Labor MP Joel Fitzgibbon, who has been urging the party to tone down its climate policies, believes moving Butler is the right decision.

“It will send the right message to our traditional base,” Fitzgibbon told ABC radio.

“Mark has been somewhat over-enthusiastic in his approach to climate change policy. I believe we should see climate change as not a political opportunity but a policy opportunity.”

“The job of every frontbencher is to serve in the portfolio allocated by their leader,” Butler told AAP on Thursday.

“That’s always been my position under the four leaders I’ve had the privilege of serving under.”

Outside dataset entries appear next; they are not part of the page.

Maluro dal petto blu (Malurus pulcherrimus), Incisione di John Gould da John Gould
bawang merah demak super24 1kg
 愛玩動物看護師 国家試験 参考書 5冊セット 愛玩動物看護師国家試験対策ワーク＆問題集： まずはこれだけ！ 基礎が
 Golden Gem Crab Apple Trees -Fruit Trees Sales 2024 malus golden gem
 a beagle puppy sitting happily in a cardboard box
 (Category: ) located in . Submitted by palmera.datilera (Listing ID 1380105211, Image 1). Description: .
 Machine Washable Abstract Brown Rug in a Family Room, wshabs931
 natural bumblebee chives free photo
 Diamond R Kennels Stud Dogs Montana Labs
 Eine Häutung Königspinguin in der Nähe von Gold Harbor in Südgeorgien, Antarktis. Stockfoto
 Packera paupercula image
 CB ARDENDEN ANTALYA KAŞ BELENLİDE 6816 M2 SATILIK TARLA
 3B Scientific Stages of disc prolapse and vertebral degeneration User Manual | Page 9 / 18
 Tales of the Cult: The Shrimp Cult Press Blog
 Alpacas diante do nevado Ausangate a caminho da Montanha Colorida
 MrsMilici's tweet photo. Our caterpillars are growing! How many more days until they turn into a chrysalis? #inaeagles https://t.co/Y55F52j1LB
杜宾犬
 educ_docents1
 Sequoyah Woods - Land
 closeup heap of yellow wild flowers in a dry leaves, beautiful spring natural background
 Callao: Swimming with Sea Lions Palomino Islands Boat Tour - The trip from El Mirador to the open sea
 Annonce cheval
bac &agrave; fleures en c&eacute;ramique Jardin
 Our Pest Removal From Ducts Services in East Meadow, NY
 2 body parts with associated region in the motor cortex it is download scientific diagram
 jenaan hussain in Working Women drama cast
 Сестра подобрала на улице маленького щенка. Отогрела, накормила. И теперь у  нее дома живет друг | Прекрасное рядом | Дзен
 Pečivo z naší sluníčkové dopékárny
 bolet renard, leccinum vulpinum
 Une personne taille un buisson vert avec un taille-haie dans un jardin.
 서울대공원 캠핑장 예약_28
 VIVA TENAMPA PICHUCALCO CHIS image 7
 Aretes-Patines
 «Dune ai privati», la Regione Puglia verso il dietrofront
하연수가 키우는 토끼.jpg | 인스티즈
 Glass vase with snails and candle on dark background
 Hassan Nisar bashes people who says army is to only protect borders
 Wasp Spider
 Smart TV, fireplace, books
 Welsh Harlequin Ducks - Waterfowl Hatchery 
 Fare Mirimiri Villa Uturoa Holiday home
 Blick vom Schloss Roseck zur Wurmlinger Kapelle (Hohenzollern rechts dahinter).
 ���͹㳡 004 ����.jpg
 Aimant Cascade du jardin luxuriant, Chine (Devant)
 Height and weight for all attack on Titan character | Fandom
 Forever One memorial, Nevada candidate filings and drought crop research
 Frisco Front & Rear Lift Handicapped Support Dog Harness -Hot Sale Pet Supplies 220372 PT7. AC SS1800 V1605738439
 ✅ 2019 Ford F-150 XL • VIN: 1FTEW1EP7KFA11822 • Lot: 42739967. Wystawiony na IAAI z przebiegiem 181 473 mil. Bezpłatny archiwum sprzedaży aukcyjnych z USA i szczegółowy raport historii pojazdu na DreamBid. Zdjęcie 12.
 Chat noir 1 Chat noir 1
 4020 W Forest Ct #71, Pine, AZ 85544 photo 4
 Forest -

Deputy leader Richard Marles has dropped defence for the new portfolio of national construction, while also taking over from Brendan O’Connor in employment, skills, small business and science.

Ed Husic has been shifted to innovation and jobs, working closely with Marles.

O’Connor will be Labor’s new defence spokesman.

Clare O’Neill is taking on a new role as shadow minister for senior Australians and aged care services to work alongside Butler.

Labor’s deputy upper house leader Kristina Keneally will take on extra responsibility as the spokeswoman for government accountability with Pat Conroy to assist her.

Tasmanian Julie Collins has been appointed as shadow agriculture minister after losing responsibility for aged care.

West Australian Madeline King has added resources to her workload and will continue as trade spokeswoman, with Patrick Gorman appointed to assist her in a junior frontbench role.

“This reshuffle is about Australians getting the most out of Labor,” Albanese said.

“This is the strongest team to form an Albanese Labor government.

“The reshuffle is all about putting jobs at the centre of what we will do.”

Former Labor leader Bill Shorten last week took what many interpreted as a thinly veiled swipe at his successor for adopting a “tiny” policy agenda in opposition.

Launching a collection of essays by members of the Labor Right faction, Shorten argued the party had to “stand for something” if it wanted to win.

Fitzgibbon, who quit the front bench in November, has spent months arguing the party is drifting too far to the left and losing touch with its traditional base.

He says more Labor members and supporters need to speak out about the party’s direction.